All FDPs were subjected to artificial aging, beginning with thermocycling. In a thermocycling device (THE-1100; SD Mechatronik GmbH, Feldkirchen-Westerham, Germany) containing two water baths, the FDPs underwent 10,000 thermocycles at two different temperatures, 5 and 55°C. Each cycle lasted for 60 seconds, 20 seconds in each bath and 20 seconds to complete the transfer between the baths.4,19–22 The cementation of the FDPs to the abutment models was completed using a dual-polymerized resin cement (Panavia V5; Kuraray Medical Inc., Okayama, Japan) according to the manufacturer’s recommendations. However, before cementation, the abutment models were air-abraded with 50 µm aluminum oxide using an air abrasion device (Basic Quattro IS; Renfert GmbH, Hilzingen, Germany) as well as treated with two primers (Tooth Primer, Clearfil and Ceramic Primer; Kuraray Medical Inc) following the manufacturers’ instructions. The FDPs were cemented to the abutment models with a standardized seating load of 15 N in the direction of insertion. A calibrated curing lamp (Heraeus Translux® Power Blue®, Heraeus Kulzer GmbH) was used according to the manufacturer’s recommendations to initiate the curing. Ultimately, excess cement was removed with a scalpel (AESCULAP® no. 12, Aesculap AG & Co, Tuttlingen, Germany). The specimens were stored in a humid environment at a temperature of 37°C before cyclic fatigue. The last step of artificial aging was cyclic fatigue using a pre-loading machine (MTI Engineering AB; Lund, Sweden/Pamaco AB, Malmö, Sweden). The cemented FDPs were submerged in distilled water at 10° of inclination towards the tooth axis and went through 10,000 cycles of 30–300 N at a frequency of 1 Hz. A 4 mm stainless ball was placed on the occlusal surface of the connector area between teeth 45 and 44 of the bridges to apply mechanical cyclic loads.4,19–22

After artificial aging, all FDPs were installed in a test jig at 10° inclination towards the axial direction using a universal testing machine (Instron 4465, Instron Co. Ltd, Norwood, MA, USA), (Figure 2) as was suggested in previous laboratory studies.4,19–22 The load was applied on the pontic using a specialized stainless-steel intender. Throughout loading, all the FDPs were submerged in water. The crosshead speed was set at 0.255 mm/min, and the fracture was defined as follows: visible crack, load drop or an acoustic event, whatever occurred first.4,19–22 The load at fracture was then registered.
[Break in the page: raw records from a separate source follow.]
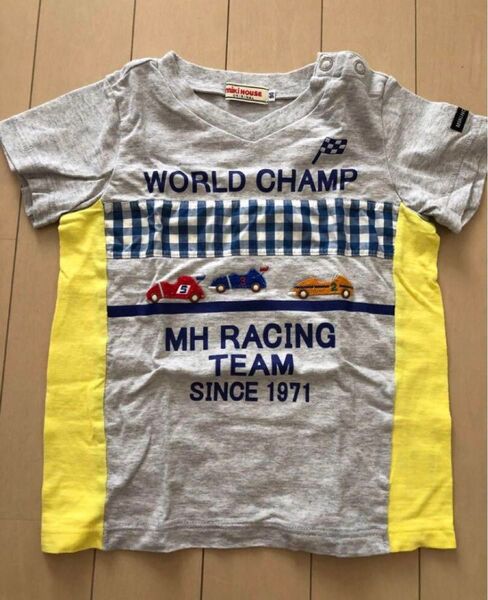 ミキハウス Tシャツ 90 レーシングカー 黄色 車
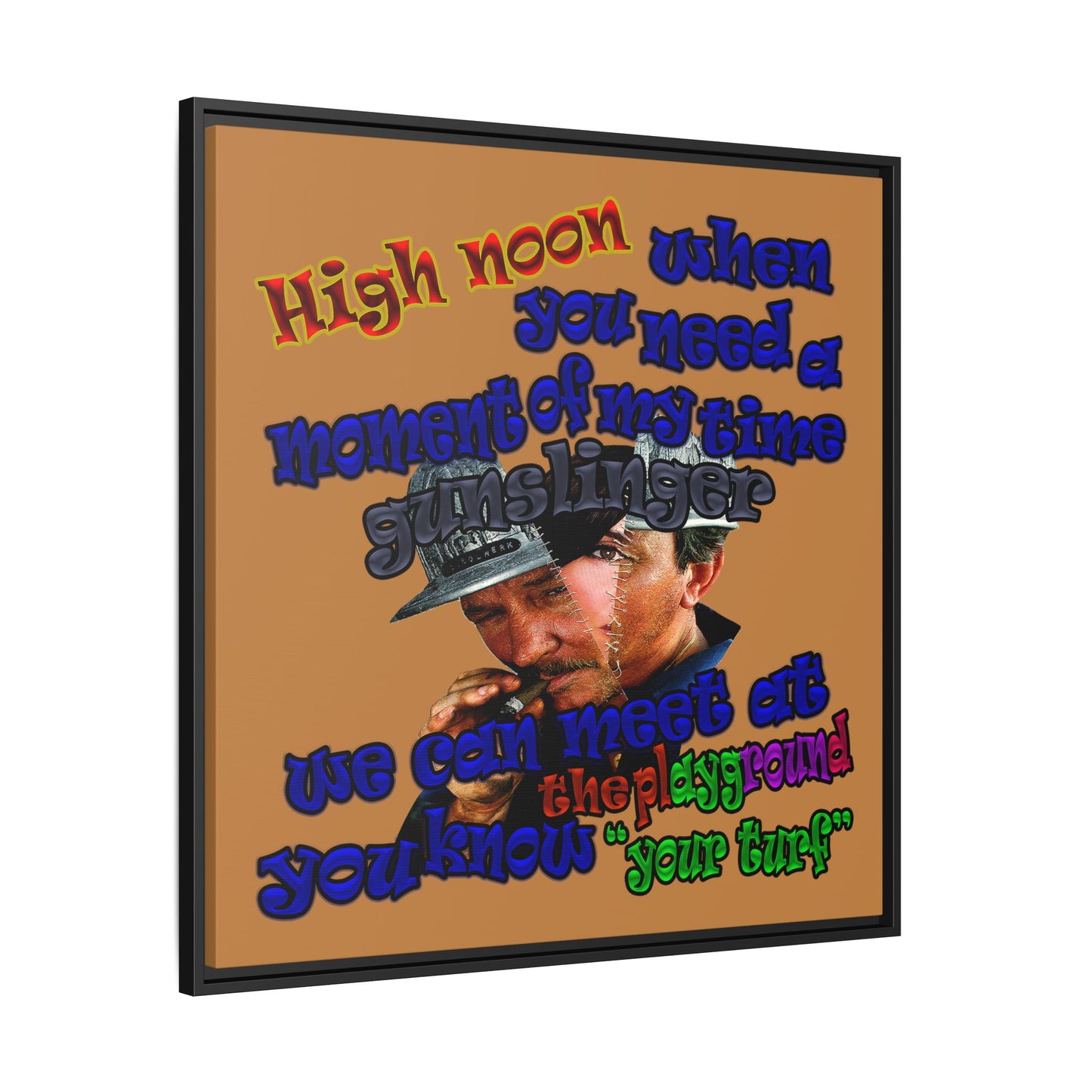high noon - framed canvas art (light brown)
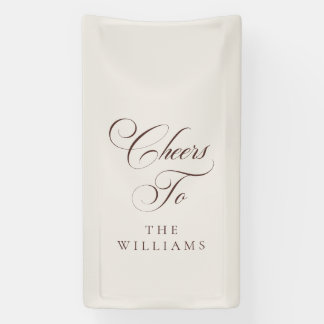 Classic Ivory Brown Calligraphy Cheers To Banner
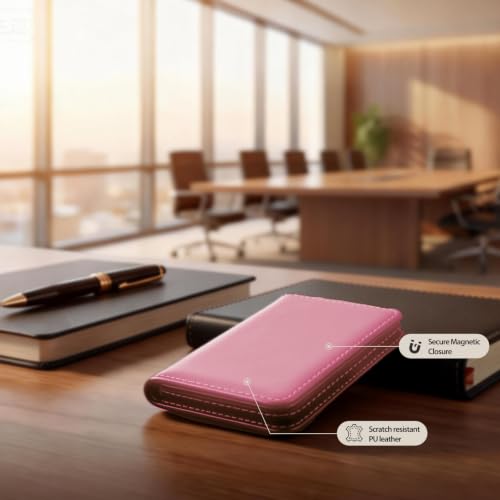 Image of Business Card Holder PU Leather with Magnetic Closure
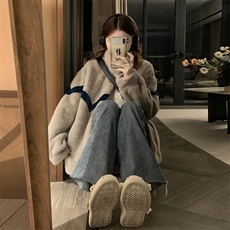 C912-P130皮毛一体外套女冬新款学生短款羊羔毛加绒加厚宽松韩系，女装短外套，星座911-2(原星座613-2）
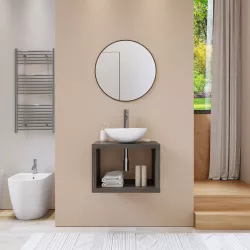 Mensolone bagno sospeso 60 cm con vano a giorno in legno rovere grigio - Plain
Figure 2 Illustration of the specimen in a test jig at 10° inclination in cyclic fatigue and load to fracture tests. All specimens were submerged in water during the tests.

Fracture Behaviour Analysis

The fracture surfaces of the FDPs were analyzed by two examiners. A gross visual and microscopic assessments (Leica DFC 420, Leica Application Suite v. 3.3.1, Leica Microsystems CMS GmbH, Wetzlar, Germany) were performed to classify fracture behaviour according to the location of fracture into: fracture at the distal connector, fracture at the mesial connector, complete fracture of the FDP (involving fracture of the retainer).

Statistical Analysis

The differences in fracture resistance among the groups were analyzed using one-way ANOVA, followed by Tukey’s post hoc test (IBM SPSS Statistics 25). The differences in fracture behaviour among the groups were analyzed using Fisher’s exact test. The level of significance was set to p ≤0.05. The statistical analysis was performed by an experienced professional statistician. Power analysis was based on previous studies where differences regarding the level of significance and standard deviation were detected among the zirconia-based specimens.17,19–21

Results

Loads at fracture, levels of significance, fracture behaviour for all groups are summarized in Tables 1 and 2. There were no significant differences in fracture loads among the groups based on the different strategies for placing the connector area of the FDPs in the multi-layered zirconia blank (p >0.05). There was no significant difference (p >0.05) in fracture loads between the two different materials: monolithic multi-layered translucent zirconia and conventional monolithic translucent zirconia materials.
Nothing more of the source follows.